=== DIRECTIONS FOR THIS TASK ===
Lines below starting with the line with "20'' Outdoor Ceiling" and going on through the line with "Manchester United Training" must be output exactly; the rest of the records must be left out.

=== DATASET EXCERPTS ===
━━━━━━
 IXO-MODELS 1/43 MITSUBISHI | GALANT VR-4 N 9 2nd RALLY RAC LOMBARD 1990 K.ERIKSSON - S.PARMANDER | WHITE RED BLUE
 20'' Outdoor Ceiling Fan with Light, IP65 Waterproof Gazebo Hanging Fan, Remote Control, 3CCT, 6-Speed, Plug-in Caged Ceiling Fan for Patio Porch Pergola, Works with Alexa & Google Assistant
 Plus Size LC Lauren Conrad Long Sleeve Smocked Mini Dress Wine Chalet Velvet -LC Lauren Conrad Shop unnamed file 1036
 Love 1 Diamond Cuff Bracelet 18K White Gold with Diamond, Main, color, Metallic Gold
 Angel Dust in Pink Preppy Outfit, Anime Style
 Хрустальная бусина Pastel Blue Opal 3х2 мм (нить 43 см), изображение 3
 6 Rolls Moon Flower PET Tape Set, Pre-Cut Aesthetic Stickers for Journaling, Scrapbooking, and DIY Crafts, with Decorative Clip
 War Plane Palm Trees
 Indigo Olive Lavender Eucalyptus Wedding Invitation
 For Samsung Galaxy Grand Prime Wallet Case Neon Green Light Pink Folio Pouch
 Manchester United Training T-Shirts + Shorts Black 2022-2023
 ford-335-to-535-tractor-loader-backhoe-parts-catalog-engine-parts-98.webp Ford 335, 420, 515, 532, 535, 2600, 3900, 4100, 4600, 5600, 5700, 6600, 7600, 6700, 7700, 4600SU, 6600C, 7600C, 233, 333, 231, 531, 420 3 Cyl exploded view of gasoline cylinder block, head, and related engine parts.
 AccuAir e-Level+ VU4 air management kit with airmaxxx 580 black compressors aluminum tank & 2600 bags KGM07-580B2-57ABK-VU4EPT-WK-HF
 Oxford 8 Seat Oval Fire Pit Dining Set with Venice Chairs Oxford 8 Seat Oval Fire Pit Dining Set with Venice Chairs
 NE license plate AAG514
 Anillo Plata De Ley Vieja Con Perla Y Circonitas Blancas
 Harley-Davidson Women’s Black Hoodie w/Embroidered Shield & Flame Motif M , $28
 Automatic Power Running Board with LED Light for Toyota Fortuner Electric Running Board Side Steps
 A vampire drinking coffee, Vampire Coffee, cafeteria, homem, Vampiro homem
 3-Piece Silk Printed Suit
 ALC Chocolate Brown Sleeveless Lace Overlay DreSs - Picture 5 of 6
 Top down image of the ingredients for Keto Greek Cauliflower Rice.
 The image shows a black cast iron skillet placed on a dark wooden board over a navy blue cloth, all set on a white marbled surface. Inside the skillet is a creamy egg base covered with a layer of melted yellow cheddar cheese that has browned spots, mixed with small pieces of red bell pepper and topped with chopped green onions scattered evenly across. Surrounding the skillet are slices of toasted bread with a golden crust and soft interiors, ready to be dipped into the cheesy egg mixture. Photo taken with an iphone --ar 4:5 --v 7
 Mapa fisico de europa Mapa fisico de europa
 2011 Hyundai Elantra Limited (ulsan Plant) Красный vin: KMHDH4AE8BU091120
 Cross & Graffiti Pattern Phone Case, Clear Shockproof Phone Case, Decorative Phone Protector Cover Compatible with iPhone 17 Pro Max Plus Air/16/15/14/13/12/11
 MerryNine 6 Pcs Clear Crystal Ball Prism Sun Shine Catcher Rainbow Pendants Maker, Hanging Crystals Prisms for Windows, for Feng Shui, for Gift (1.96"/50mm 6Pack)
━━━━━━
=== EXERCISE SOLUTION ===
 20'' Outdoor Ceiling Fan with Light, IP65 Waterproof Gazebo Hanging Fan, Remote Control, 3CCT, 6-Speed, Plug-in Caged Ceiling Fan for Patio Porch Pergola, Works with Alexa & Google Assistant
 Plus Size LC Lauren Conrad Long Sleeve Smocked Mini Dress Wine Chalet Velvet -LC Lauren Conrad Shop unnamed file 1036
 Love 1 Diamond Cuff Bracelet 18K White Gold with Diamond, Main, color, Metallic Gold
 Angel Dust in Pink Preppy Outfit, Anime Style
 Хрустальная бусина Pastel Blue Opal 3х2 мм (нить 43 см), изображение 3
 6 Rolls Moon Flower PET Tape Set, Pre-Cut Aesthetic Stickers for Journaling, Scrapbooking, and DIY Crafts, with Decorative Clip
 War Plane Palm Trees
 Indigo Olive Lavender Eucalyptus Wedding Invitation
 For Samsung Galaxy Grand Prime Wallet Case Neon Green Light Pink Folio Pouch
 Manchester United Training T-Shirts + Shorts Black 2022-2023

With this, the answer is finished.